Note: This review is from the 2018 Fringe

With his tousled curly locks, pencil thin moustache and stripy socks, Schalk Bezuidenhout or ‘Schalkie’ to girls in the friend-zone, presents as a wacky, guy-next-door figure.

This up-and-coming South African comedian focuses his show on his experiences growing up in South Africa, attending a private Afrikaaner school, including correcting his English teacher who couldn’t actually speak English, and his developing career as a comic, which has taken him from providing pool-side entertainment at the South African equivalent of Butlins, to playing venues such as London’s Apollo.

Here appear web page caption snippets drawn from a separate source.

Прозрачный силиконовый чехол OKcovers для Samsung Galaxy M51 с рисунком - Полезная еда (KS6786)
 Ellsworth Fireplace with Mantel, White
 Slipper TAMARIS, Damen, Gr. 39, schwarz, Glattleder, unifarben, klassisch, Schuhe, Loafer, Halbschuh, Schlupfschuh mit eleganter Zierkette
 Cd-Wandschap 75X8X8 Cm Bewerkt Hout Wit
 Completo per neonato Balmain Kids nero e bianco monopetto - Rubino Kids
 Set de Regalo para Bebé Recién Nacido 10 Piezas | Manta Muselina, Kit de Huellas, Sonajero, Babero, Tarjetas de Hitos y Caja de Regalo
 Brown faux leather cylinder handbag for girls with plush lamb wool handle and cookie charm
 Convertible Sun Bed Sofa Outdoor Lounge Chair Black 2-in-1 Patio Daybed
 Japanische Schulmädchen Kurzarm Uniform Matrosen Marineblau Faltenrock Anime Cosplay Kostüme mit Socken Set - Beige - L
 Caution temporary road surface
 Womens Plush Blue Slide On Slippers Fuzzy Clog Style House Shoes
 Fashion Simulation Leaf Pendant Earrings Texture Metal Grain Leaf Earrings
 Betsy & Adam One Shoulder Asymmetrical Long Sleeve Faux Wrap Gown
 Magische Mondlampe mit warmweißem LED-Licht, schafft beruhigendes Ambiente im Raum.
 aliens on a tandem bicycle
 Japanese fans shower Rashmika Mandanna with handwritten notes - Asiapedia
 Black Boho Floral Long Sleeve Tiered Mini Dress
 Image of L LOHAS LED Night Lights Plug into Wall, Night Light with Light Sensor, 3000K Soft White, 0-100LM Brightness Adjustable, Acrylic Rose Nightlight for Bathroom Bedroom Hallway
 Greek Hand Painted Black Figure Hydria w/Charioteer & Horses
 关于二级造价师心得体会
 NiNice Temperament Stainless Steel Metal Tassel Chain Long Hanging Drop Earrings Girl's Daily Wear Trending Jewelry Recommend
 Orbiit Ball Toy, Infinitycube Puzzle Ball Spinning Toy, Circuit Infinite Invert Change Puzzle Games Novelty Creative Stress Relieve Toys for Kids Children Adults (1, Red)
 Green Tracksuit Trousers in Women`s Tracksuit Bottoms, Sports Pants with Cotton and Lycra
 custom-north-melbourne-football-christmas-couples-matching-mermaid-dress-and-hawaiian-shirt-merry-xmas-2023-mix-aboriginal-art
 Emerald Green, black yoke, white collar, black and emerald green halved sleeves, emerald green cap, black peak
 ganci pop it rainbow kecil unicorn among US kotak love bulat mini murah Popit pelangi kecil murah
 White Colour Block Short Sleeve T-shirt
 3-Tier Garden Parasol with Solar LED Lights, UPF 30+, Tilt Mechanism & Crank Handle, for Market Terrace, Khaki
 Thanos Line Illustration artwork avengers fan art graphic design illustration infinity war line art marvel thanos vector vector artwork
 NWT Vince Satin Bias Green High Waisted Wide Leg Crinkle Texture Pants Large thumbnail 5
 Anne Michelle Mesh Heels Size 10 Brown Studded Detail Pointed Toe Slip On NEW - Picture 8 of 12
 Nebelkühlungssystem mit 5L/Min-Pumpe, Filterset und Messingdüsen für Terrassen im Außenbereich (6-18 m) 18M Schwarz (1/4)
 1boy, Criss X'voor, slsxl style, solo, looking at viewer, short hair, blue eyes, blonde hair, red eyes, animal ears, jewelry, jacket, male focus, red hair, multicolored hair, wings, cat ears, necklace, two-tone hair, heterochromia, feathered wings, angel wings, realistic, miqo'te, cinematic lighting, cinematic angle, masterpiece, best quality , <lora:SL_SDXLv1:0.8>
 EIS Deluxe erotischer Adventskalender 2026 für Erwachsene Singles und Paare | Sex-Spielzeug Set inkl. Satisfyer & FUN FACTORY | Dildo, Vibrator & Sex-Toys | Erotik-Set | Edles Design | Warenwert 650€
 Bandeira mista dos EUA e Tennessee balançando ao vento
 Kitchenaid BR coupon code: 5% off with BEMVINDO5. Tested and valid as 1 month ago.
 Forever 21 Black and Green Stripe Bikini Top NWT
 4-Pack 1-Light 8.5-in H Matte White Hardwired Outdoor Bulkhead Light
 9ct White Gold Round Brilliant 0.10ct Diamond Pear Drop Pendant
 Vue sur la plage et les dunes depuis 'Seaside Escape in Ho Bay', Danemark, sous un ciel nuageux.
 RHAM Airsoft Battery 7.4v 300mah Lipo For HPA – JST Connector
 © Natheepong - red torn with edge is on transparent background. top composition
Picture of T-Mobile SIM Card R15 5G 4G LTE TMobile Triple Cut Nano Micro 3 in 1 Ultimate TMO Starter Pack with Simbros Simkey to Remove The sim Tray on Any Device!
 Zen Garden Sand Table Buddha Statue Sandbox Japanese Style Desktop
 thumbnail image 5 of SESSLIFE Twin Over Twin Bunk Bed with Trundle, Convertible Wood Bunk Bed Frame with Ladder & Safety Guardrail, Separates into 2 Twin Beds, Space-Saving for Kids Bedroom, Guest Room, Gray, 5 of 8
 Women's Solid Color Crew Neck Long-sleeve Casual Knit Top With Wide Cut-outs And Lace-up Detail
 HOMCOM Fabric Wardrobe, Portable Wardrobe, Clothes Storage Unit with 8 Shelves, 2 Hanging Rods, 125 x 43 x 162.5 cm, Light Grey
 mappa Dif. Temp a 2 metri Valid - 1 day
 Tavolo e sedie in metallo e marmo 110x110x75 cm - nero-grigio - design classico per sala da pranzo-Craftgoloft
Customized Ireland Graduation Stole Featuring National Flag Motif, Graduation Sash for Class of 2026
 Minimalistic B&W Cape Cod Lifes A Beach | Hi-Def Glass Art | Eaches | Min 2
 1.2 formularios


The room takes a long time to warm up and initially it all feels somewhat disjointed. One gets the feeling it’s a long time since Bezuidenhout played such a small crowd. A few allusions to apartheid and the differences between white South Africans and Afrikaaners probably don’t evoke the belly laughs that they might back home and Bezuidenhout uses a cultural reference which is lost on the audience, apologising because he’s just off the plane and hasn’t had a chance to make up any Scottish jokes.

The riffing is competent. Bezuidenhout can obviously work a crowd and eventually builds a good rapport. It’s a real shame that by the time the room has warmed up, that this short show is almost over. One last story about his assistance in a bizarre marriage proposal is quite effective and ends the set on a stronger note than its beginning.

Bezuidenhout has some good material amongst other jokes which need a little tweaking.  And whilst the laughs aren’t constant he will make you smile in an enjoyable and illuminating 40 minutes.